急速に変化している電気自動車(EV)製造業界では、あらゆる意思決定が重要な役割を果たしています。高品質の電気自動車を生産する上で最も重要な要素の1つは、車両バッテリーの耐久性と信頼性を確保することです。
ここで、ワイブル解析が強力なツールとして登場します。EVバッテリー製造におけるワイブル解析の4つの主要な用途と、このツールが時間とコストの節約の点でどのように成果をもたらすか説明します。
#1:保証の最適化
顧客の期待と財務面での持続可能性のバランスをとるために、適切かつ現実的な保証規定を設定することが重要です。メーカーがワイブル解析を使用すると、バッテリー寿命の分布を推定するのに役立ちます。これにより、寛大で財政的に責任のある保証を作成することができます。
ここのサンプルには10,000個を超えるバッテリーのデータが含まれています。ご覧のとおり、95%以上のバッテリーは少なくとも5年間は持続し、平均寿命は10年弱です。この情報は、EVメーカーがより賢明でより多くの情報に基づいた意思決定を行う際に役立ちます。
#2:製品の品質を向上
電池メーカーは、厳しいEV市場の要件を満たすために、自社製品の品質と信頼性の向上に継続的に努力する必要があります。これには、バッテリーの早期劣化や故障を引き起こす可能性のある潜在的な設計上の欠陥、素材の弱点、または製造プロセスの問題を特定して対処することが含まれます。
例えば、フィールドデータを分析していて、急速充電中の過熱により、特定モデルのバッテリーの故障率が予想よりも高いことが判明したとします。

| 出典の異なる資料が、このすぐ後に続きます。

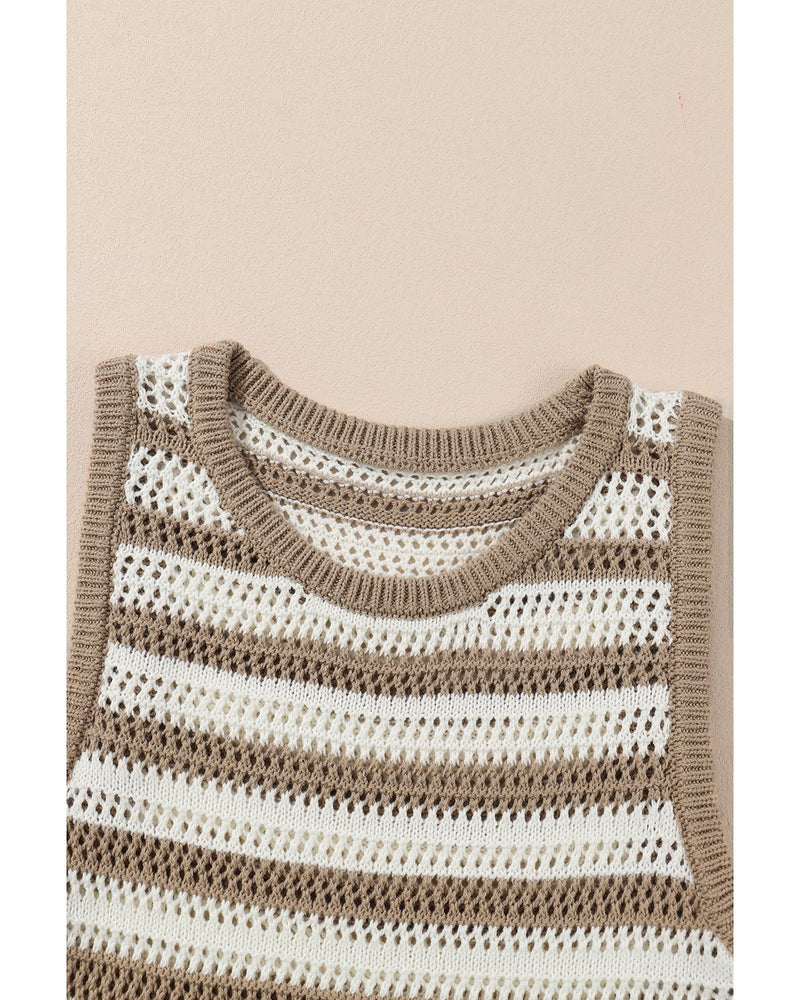 Khaki Stripe Hollowed Knit Sleeveless Sweater Dress - L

ワイブル解析を使用すると、故障モードを特定し、バッテリーの熱管理システムの改善に取り組み、製品の品質と信頼性を向上させることができます。
詳細については、当社のウェビナー「データ主導の意思決定:最適な結果を得るための信頼性分析の活用」
をご覧ください。
#3:製造コストの削減
ワイブルは、無駄を削減し、コストを削減できる生産プロセスを導く際に役立ちます。また、リソースをより効率的に使用できる分野を特定するのにも役立ちます。

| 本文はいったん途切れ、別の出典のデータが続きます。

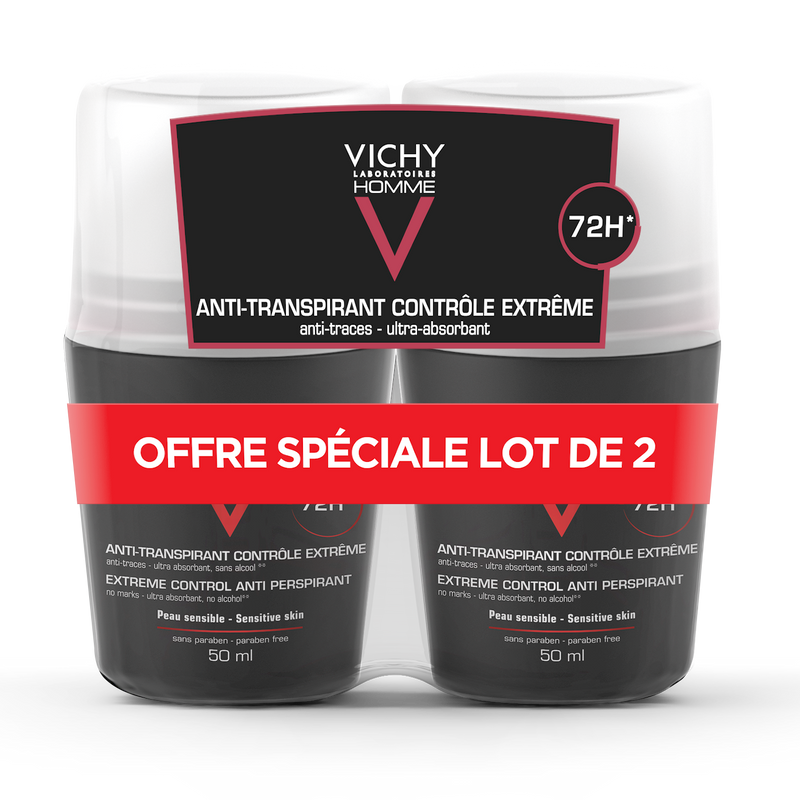 Vichy Homme дезодорант против избыточного потоотделения 72 ч, набор, 50 мл, 2 шт, део-ролик фото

ワイブル解析により、電解液充填プロセスなどの特定の製造ステップがバッテリー寿命の変動に寄与していることが判明する可能性があります。この分析により、バッテリー寿命の分布について洞察が得られ、一貫性のない電解液の充填プロセスが初期故障の可能性を高めることが明らかになります。
#4:リソースの割り当て
ワイブルは、より詳細な監視やさらなる調査が必要なバッテリーまたは製品バッチを優先順位付けする際に役立ち、より大規模なリソースの割り当てが可能になります。
例えば、製造工場では、ワイブル解析を使用することで、特定の生産ラインで寿命の短いバッテリーが一貫して生産されていることを特定できる可能性があります。メーカーは、問題にできるだけ早く対処し、欠陥の可能性を減らすために、より多くの品質管理要員とリソースをこのラインに割り当てることができます。